A new study has found pharmaceuticals and other contaminants are forcing Hamilton's fish to work harder to survive.

Researchers say fish exposed to contaminates required more oxygen and nutrients to function

Researchers at McMaster University were interested in understanding how fish were being impacted by effluent from wastewater treatment plants. Specifically they were interested in working in the Dundas Wastewater Treatment Plant because it's so close to Cootes Paradise. (Submitted by Graham Scott)

A new study has found pharmaceuticals and other contaminants are forcing Hamilton's fish to work harder to survive.

A team of researchers from McMaster University have found that when exposed to elevated levels of pollutants in water, fish are burning more energy that would otherwise go towards vital functions, ultimately making them more vulnerable.

"The evidence is mounting that these sorts of chemicals are having impacts on the natural environment," said Graham Scott, a biologist at McMaster University and senior author of the paper that was published in the journal Environmental Science and Technology on Jan. 16.

Field research for the study was conducted over a three-week period in 2016, when researchers put wild sunfish in cages at different points downstream from the Dundas Wastewater Treatment Plant, before bringing them back to the lab to be observed.
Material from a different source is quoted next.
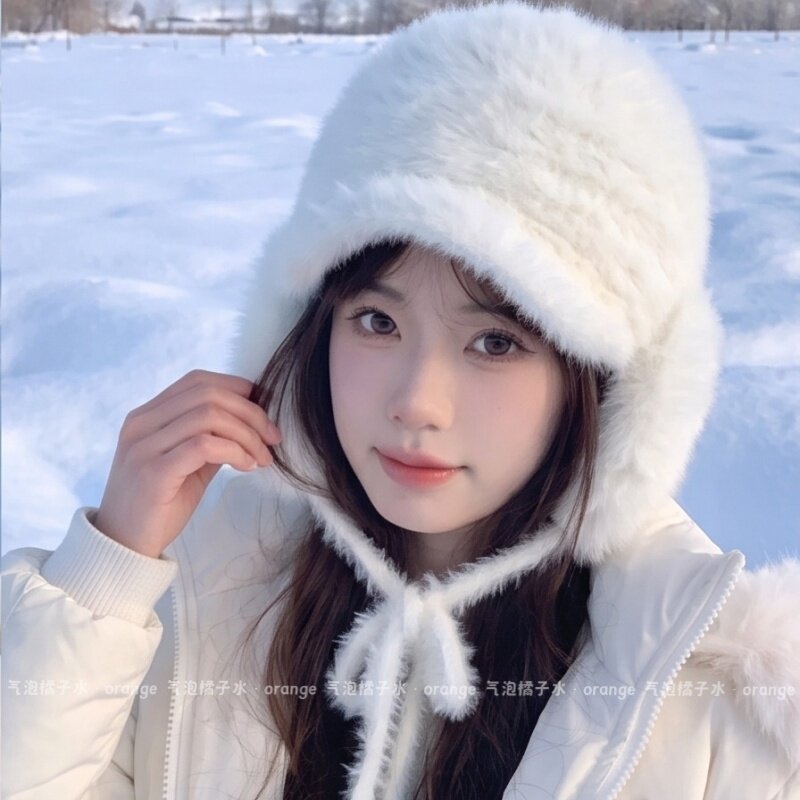 韩系毛绒保暖护耳针织马术帽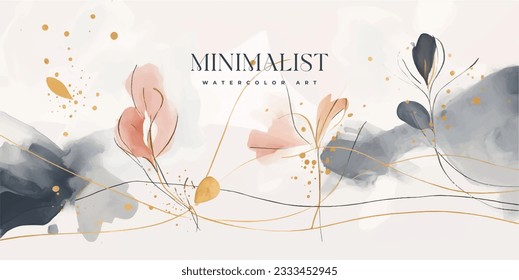 Abstract art background vector. Luxury minimal style wallpaper with golden line art flower and botanical leaves, Organic shapes, Watercolor. Vector background for banner, poster, Web and packaging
"Specifically we were interested in working in the Dundas Wastewater Treatment Plant because it's so close to Cootes Paradise marsh, which is of course an important natural environment," said Scott.

Researchers placed wild sunfish in cages at different points downstream from the Dundas Wastewater Treatment Plant for three weeks of the summer in 2016. (Submitted by Graham Scott)
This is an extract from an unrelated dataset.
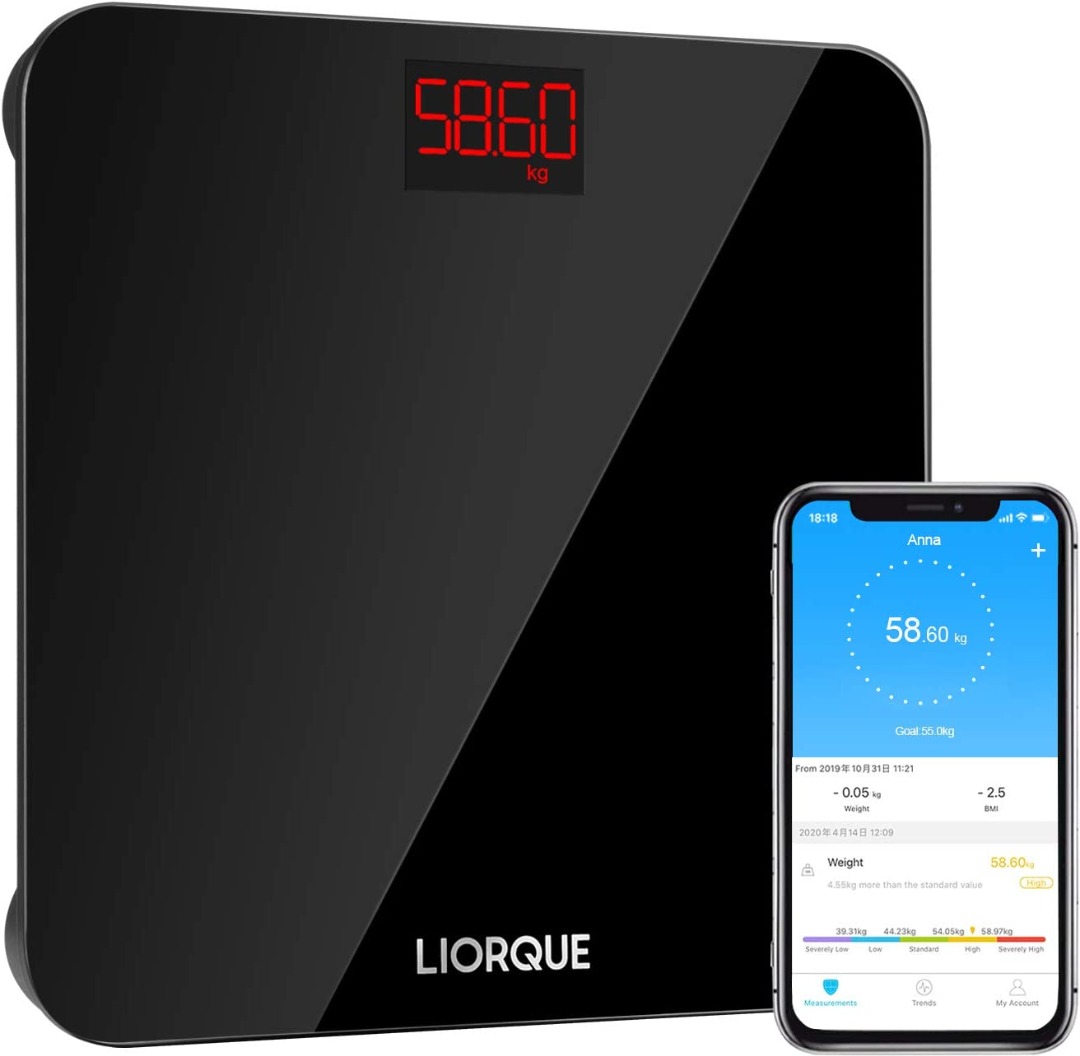 LIORQUE Digital Bathroom Scales Weighing Scale with Smartphone App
Once in the lab, they compared the metabolism of the fish exposed to the wastewater to the fish held in unpolluted water.

Researchers measured how much oxygen the fish were consuming to get an indication of what their metabolism was.

Our wastewater treatment plants are definitely having impacts on the fish that live close by and many wastewater treatment plants release their effluent into water.- Graham Scott, biologist, McMaster University

Scott says the fish exposed to contaminants required more oxygen, meaning they require more nutrients just to stay alive.

According to Scott, the fish had to work at least 30 per cent harder to survive. 

"It means they won't have as much energy available to support the other important things that a fish needs to do like move around and interact with other fish whether it be for defending territories or for finding mates," said Scott.

"It might not have as much available to get away from predators, to do all the things that a fish needs to do to be a healthy, happy fish in the wild."

Scott says we need to think about how wastewater treatment plants are going to work in the future, because a natural environment like Cootes Paradise is important to both many different animals and people.

"The most important impact is that it suggests that our wastewater treatment plants are definitely having impacts on the fish that live close by and many wastewater treatment plants release their effluent into water that are natural environments," said Scott.